### About this task
Any images in the material are to be dropped while every line is retyped exactly.

### Data for the task
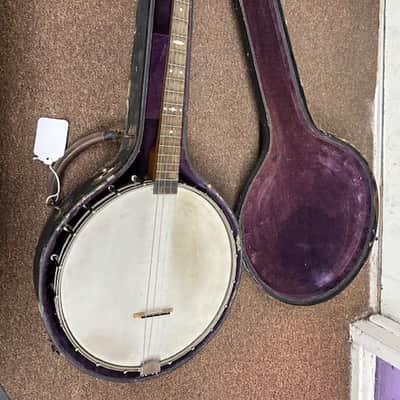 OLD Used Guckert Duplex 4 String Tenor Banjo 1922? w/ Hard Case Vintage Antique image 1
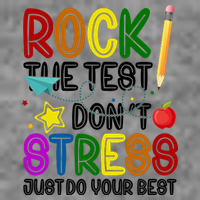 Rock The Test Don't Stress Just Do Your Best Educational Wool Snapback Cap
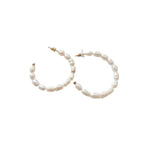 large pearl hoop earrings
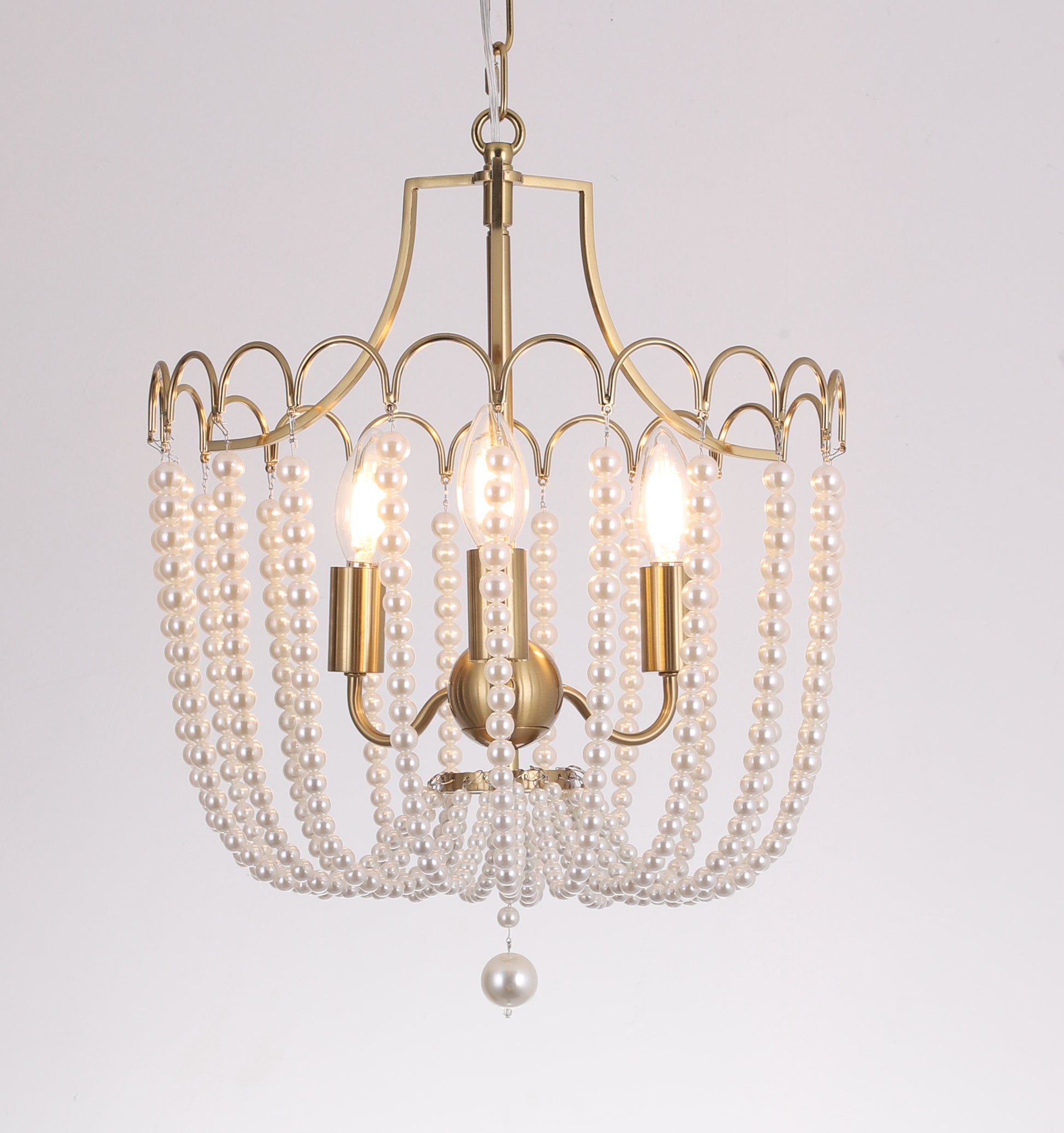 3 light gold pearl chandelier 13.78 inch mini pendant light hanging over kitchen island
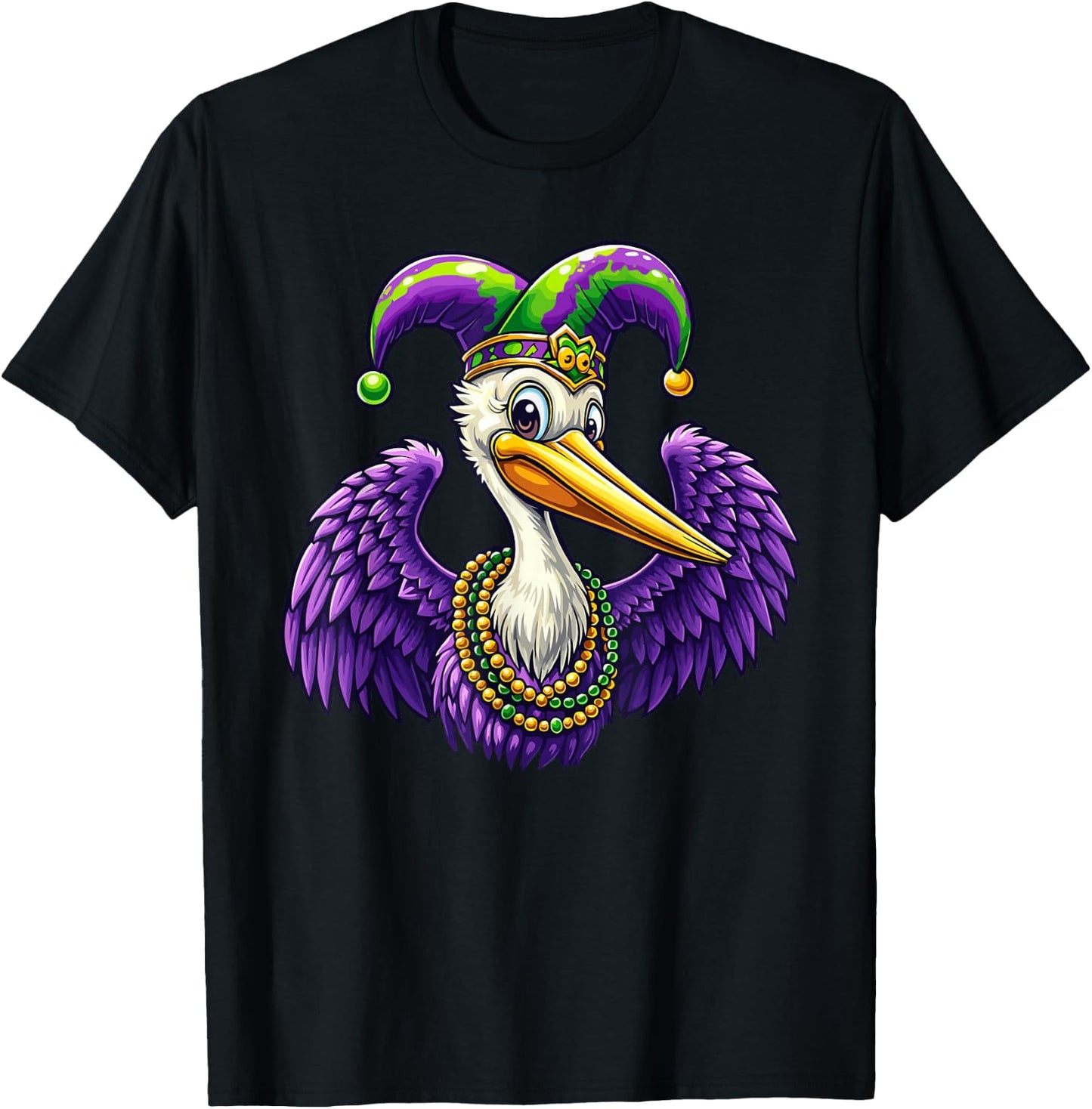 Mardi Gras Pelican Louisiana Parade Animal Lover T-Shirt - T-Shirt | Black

### Output of the exercise
 OLD Used Guckert Duplex 4 String Tenor Banjo 1922? w/ Hard Case Vintage Antique image 1
 Rock The Test Don't Stress Just Do Your Best Educational Wool Snapback Cap
 large pearl hoop earrings
 3 light gold pearl chandelier 13.78 inch mini pendant light hanging over kitchen island
 Mardi Gras Pelican Louisiana Parade Animal Lover T-Shirt - T-Shirt | Black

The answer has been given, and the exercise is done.